Council refusing to keep the Ravenscourt Park paddling pool open

Last year I called for the Council to keep the paddling pool in Ravenscourt Park open into September.

This would be a very modest cost for the amount of pleasure it gives to residents. In good weather the pool is full of young children happily splashing and laughing. Of course the weather in September is unreliable – but then it is the rest of time too. On average September is warmer in London than June.

But this year the pool will close on September 10th.

I am also campaigning for the lavatories next to the paddling pool to be kept open longer. At present they close at 5pm.  In practice they are sometimes closed earlier. The Council says they are “quite secluded and likely to suffer from anti-social behaviour and/or vandalism.” That is an argument for keep them closed the whole time. Pretty feeble.

New cycle hire scheme blocking pavements

Picture by Nigel Walley

I am all for encouraging cycling – especially given the problem with air pollution in the borough.

Also I yield to nobody in my admiration for innovation and entrepreneurial zeal to promote choice and competition.

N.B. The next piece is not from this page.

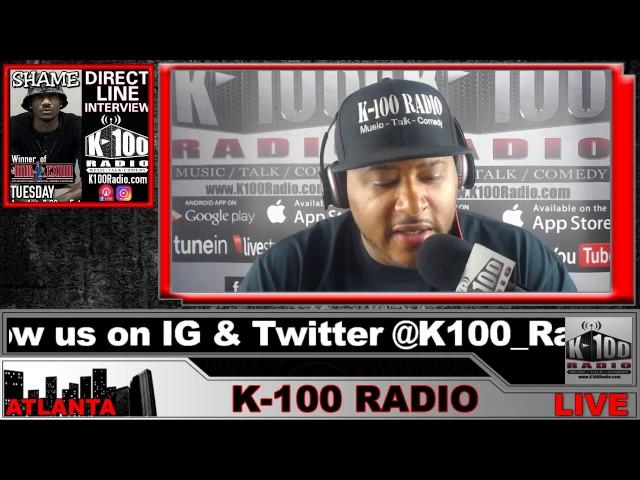 DIRECT LINE INTERVIEW with SHAME on K-100 Radio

However there is a difficulty with oBike cycle hire scheme which is that their bikes are being strewn all over the pavement.

I have written to the Council’s Director for Transport and Highways who replies:

“This is a commercial enterprise that has rolled out these bicycles across London without proper consultation with local authorities. There is no regulation that requires cyclists to only leave their bikes at designated locations (such as attached to cycle racks) so by implication the bikes can be left virtually anywhere on the highway. The only caveat is that the Highways Act prohibits placing any object on the highway where it causes an obstruction to other road users, and we have the powers to issue a fixed penalty notice or to impound the bike. There is also the factor that they are operating a business on the highway without permission.

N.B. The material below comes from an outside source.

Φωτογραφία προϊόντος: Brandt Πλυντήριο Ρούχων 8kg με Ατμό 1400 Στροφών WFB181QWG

“We have been in contact with oBike and notified them that we will take enforcement action if the bikes are not removed. They have agreed to remove the bikes they have deposited in the borough and to meet us to agree the ground rules. I believe the bikes are now being removed. I suspect they are having similar conversations with the other boroughs.”

Hammersmith Academy named as RHS School Gardening Team of the Year

A 31-strong group of secondary school pupils from Hammersmith Academy has been named RHS School Gardening Team of the Year 2017. An award designed to identify an outstanding school team that has shown excellent teamwork and made a difference to their school environment.

The Hammersmith Academy team was commended for not just establishing a garden from scratch in a previously grey area of the school grounds, but their work in the local community. They have greened areas outside the school and have made the garden of a local care home more wildlife friendly. This year, they have started to run workshops to share their gardening skills with local primary schools.

Patrick Kirwan, the KS5 Science Coordinator at the school said:

“In just two years our students have made an outstanding horticultural contribution to our school and local community. Our inner city school lacked a much needed area for nature and wildlife and our students have created a tranquil setting where people gather to unwind and relax.”

Zephaniah Lindo, competition judge and a lecturer in horticulture at Capel Manor College, London said:

“It’s wonderful to see a group of secondary school pupils so enthusiastic about gardening. They are always encouraging other students to join the gardening club and embrace opportunities to get involved in the wider community.”

Hammersmith Academy’s winning team will be presented with their prize of a Classic ‘Eight’ cedar greenhouse, donated by Gabriel Ash at an event later in the year. They will also receive £500 worth of National Garden Gift Vouchers and a celebrity gardener will spend a day at the school to work with the gardening team.